Leveraging Centralisation

by Jonathon Traer-Clark, Treasury Practitioner Executive, Global Transaction Services EMEA, Bank of America Merrill Lynch and Bruce Meuli, Global Business Solutions Engagement Executive, Global Transaction Services EMEA, Bank of America Merrill Lynch

Over the past decade, many large corporates have concentrated functions, such as foreign exchange (FX), risk management, and corporate finance, or created structures such as an in-house bank, in order to improve visibility, control and efficiency. Often these developments have been eased or triggered by corresponding innovation in the banking sector, broader improvements in connectivity such as SWIFT, and common standards, such as ISO 20022.

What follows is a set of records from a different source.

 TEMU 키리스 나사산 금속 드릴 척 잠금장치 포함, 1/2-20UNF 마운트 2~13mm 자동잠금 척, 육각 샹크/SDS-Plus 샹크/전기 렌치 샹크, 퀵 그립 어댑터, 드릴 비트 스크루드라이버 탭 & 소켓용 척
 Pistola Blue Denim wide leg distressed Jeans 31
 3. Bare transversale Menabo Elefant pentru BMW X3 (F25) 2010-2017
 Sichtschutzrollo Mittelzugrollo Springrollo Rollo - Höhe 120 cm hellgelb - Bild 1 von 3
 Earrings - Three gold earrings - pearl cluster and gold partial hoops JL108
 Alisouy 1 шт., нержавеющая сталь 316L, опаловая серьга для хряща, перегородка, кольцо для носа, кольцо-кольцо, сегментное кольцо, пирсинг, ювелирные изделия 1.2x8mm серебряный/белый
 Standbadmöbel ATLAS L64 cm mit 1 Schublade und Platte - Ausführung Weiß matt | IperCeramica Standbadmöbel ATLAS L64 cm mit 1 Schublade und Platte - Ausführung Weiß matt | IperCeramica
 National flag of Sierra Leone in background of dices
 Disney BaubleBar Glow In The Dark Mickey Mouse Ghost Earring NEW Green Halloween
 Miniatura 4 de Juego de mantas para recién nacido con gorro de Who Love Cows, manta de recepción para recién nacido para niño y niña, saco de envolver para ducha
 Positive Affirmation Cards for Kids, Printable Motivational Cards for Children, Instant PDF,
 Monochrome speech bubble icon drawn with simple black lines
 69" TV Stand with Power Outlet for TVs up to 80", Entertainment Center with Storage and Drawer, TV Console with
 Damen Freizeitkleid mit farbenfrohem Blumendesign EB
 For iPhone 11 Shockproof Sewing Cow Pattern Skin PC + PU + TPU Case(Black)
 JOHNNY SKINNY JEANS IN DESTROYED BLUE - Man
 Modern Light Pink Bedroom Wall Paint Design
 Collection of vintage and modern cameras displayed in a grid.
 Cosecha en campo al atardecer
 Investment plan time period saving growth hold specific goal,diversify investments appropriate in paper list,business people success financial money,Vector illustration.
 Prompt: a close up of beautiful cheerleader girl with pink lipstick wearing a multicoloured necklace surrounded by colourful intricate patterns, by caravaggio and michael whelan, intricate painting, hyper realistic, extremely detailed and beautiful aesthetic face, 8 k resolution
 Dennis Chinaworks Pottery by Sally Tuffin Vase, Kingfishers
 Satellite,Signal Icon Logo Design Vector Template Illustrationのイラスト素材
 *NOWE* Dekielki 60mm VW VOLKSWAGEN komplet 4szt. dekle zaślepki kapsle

Once established, many companies have further considered how their strategy should evolve in the future and how the visibility, control and efficiency established by centralisation can be effectively leveraged. As treasury becomes more strategic, it is increasingly called on not only to manage cash but also to oversee and govern broader capital sources – such as working capital – across the organisation. Furthermore, while treasury retains responsibility for day-to-day financial operations, corporates increasingly rely on its financial acumen to help determine the most effective deployment of capital.

An appropriate aspiration

All corporates can aspire to leveraging the capabilities and knowledge of treasury more widely across the organisation because of the risk management, efficiency and other benefits it can deliver. However, not all companies wish to extend the remit of treasury: finance may have ownership of working capital and capital deployment and the company may be satisfied with these arrangements.